- Your instructions
Among the entries below, only the lines from the one with "Funko Pop! Naruto – Kurama Naruto" through the one with "Givenchy Pantalones de" are to be retyped, exactly and without pictures.

- Data extracts
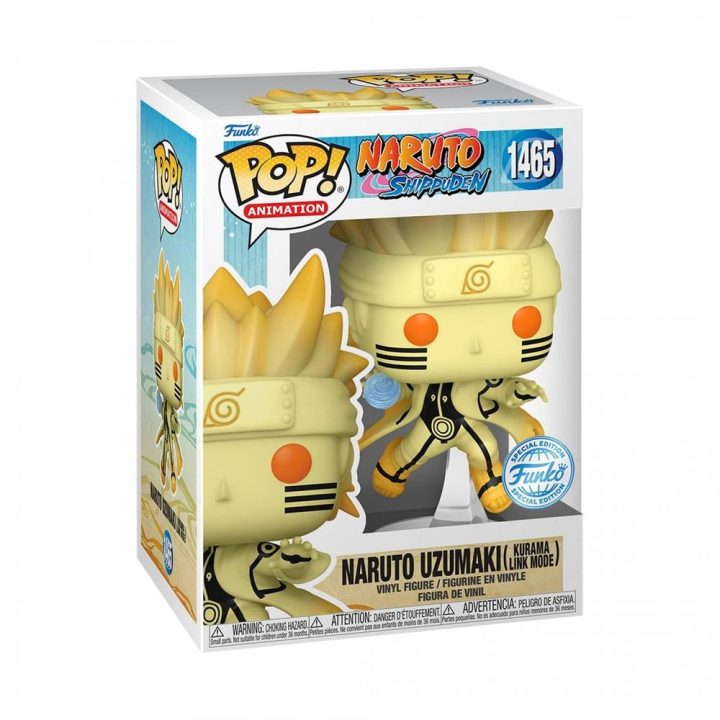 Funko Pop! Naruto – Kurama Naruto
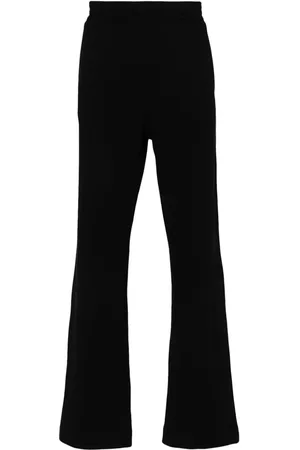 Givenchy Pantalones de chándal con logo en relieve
...
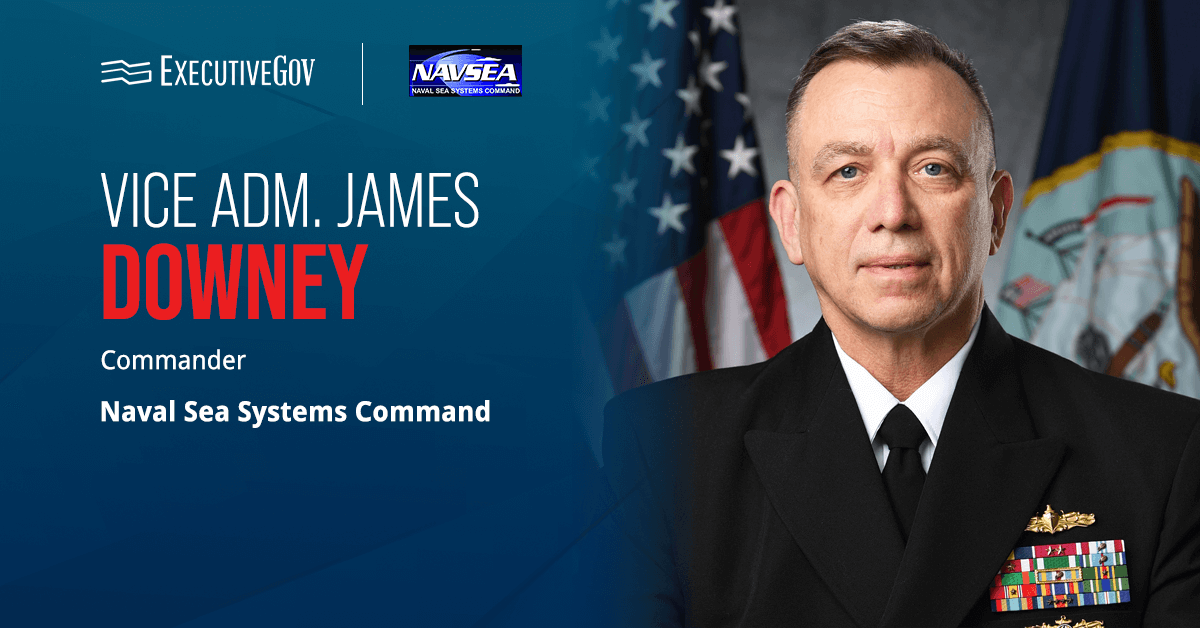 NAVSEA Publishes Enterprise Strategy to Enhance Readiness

- Answer box
 Funko Pop! Naruto – Kurama Naruto
 Givenchy Pantalones de chándal con logo en relieve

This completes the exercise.